I take a deep breath and let it out slowly; my head is still spinning with the shock of saying this aloud. “My mom was bipolar. She had been going through…a rough patch. And she was flying that day. The flight logs say the weather was clear.” I pause because I’m having trouble swallowing. “The plane looked okay, too,” I rasp. “What was left of it… I think that’s the worst thing,” I whisper. “I don’t know for sure if it was…her.”
“Are you saying you don’t know if your mom…crashed on purpose?”
“She had tried it before,” I choke out. I can’t even look at her. It’s been so long since I talked about this; I forgot how hard it is.
I drop Suri’s hand and fix my eyes on the top of the hedges, where they’re trimmed into a perfectly level plane.
Why did I tell her this?
I have only a second to wonder before she wraps her arms around my waist and lays her cheek against my chest.
“Marchant, I’m so sorry.”
She looks up at me, and there’s so much sympathy in her eyes, the shit is fucking brutal. And suddenly I don’t want to see it there. I don’t know if I can bear her understanding.
I don’t return her hug, but she doesn’t let go.

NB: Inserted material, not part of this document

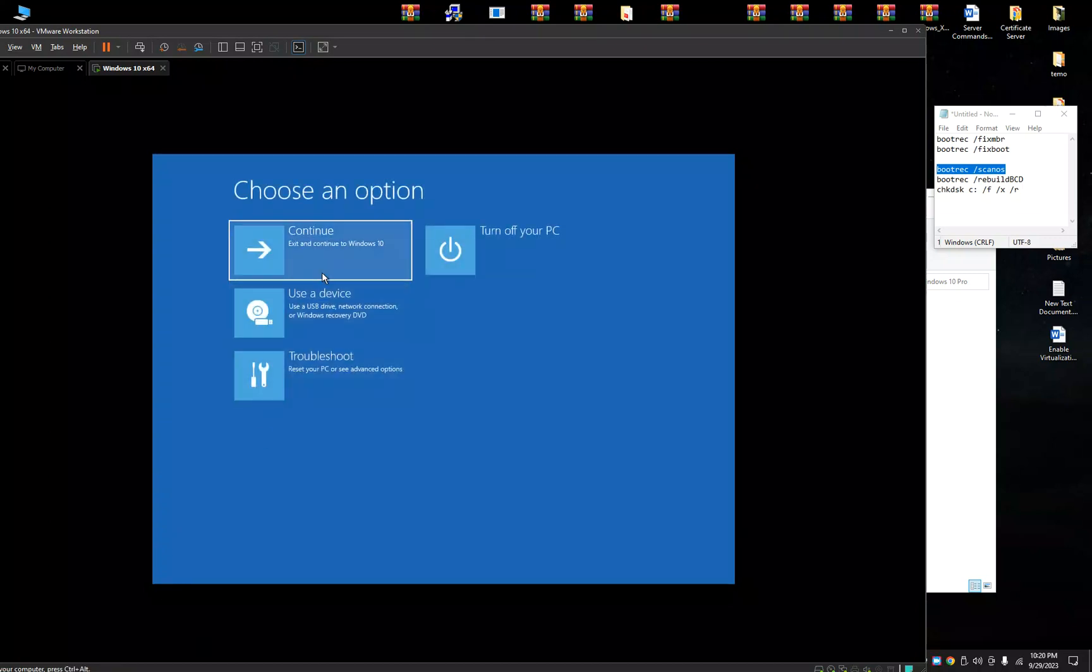Then click continue. Once you click continue, your Windows will continue as normal without any error. If still there is an error, please comment below. I will try to help. Thank you guys.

I close my eyes and see Marissa’s face, smiling. She’s sitting beside me on a white porch swing in front of the sorority house on a humid Sunday afternoon. She grabs my hand and looks into my eyes, still wearing her church dress.
“Marchant, I have something to tell you. But you’ve gotta promise not to freak, okay?”
I imagine my dad trusted my mom in much the same way Marissa trusted me. And like my mom, I can’t be trusted. Because I’m not a normal person. I don’t have a right to a relationship.
I step back, prompting Suri to let go of me. My chest feels tight, my head on fire.
“I guess that’s why I turned to drugs,” I lie. I’ve been avoiding outright lying until this point, but now I need it so she doesn’t start drawing conclusions.
“I can understand that that would be really hard to deal with,” Suri says. Then she shakes her head. “Actually I can’t. I’m sorry. I want to be honest. I’m not sure how I would ever deal with that.”